I got off the phone with my 12 year old daughter a little while ago. She called me from school. She is a Type 1, Insulin Dependent Diabetic, was diagnosed only a couple months ago. Her blood sugar dropped today, she feels bad, has a horrible headache and needed to know what to do. Just moments later a group at my office just brought me some sushi for lunch. Plus 3 cakes, each with candles on top, and a FIRE EXTINGUISHER.

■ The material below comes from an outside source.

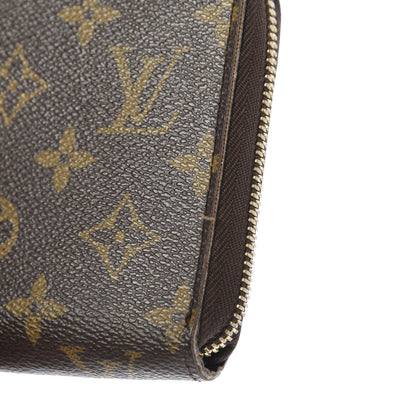 Louis Vuitton Monogram Zippy Organizer Wallet 12 of 12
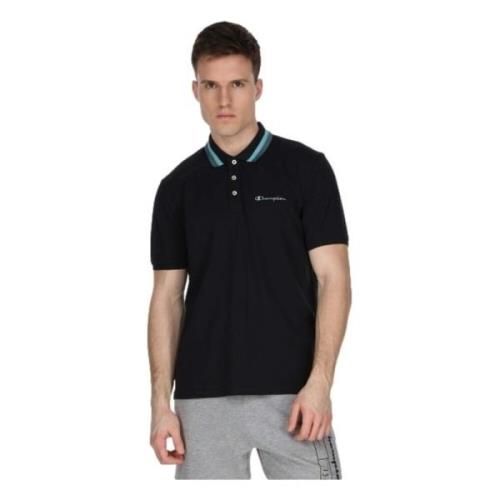 Champion Polo med korta ärmar Black, Herr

For the record, I’m 47. Feel a lot older. Honestly don’t feel like celebrating. My daughter is having a really rough time with her diabetes and it is taking a toll on all of us. It has completely changed our lives and I know that I will be making some big changes. She has to test her blood sugar about a dozen times a day, and give herself insulin 3 to 5 times a day.
She has to call me every day from school when her blood sugar numbers are too low. I’ve been getting calls virtually every day. The doctors are dumbfounded and the FDA recently approved a pediatric monitor that we are going to try to get for her. She would have to have an implant in her skin, it would then connect to the monitor by radio frequency and sound alarms if her blood glucose level goes out of the doctors “target” range so she could take corrective action. I didn’t post it, but about a week ago we had a very critical issue with her at night, damn scary for all of us. Today she feel horrible, bad headache from her sugar dropping too fast. Her grades are also suffering and that is putting her under some stress. She’s always been in the top 2 or 3 kids in her class for grades, but she has actually gotten a “D” on one test and an “F” on another in a different class. Her semester grades are 2 Bs and the rest are As. But I don’t think she has ever gotten a B on a report card so she is putting pressure on herself to get her grades up and that is probably also a bad thing. So she feels bad, hates to do bad in school, and just wants to be a regular kid.
I have another call into the hospital to talk to her doctors, as soon as they call back I’ll be leaving work to go pick up my daughter and take her home.
Lots of presents at the house, not a lot to celebrate. I guess I’m just feeling sorry for my daughter and myself. My wife has plans for us to go to a new restaurant tonight, but she cancelled those after getting the email update after the phone call. Hopefully we’ll go up to Chicago’s Chinatown on Sunday after mass. We all love that and it would make for a good day for my daughter.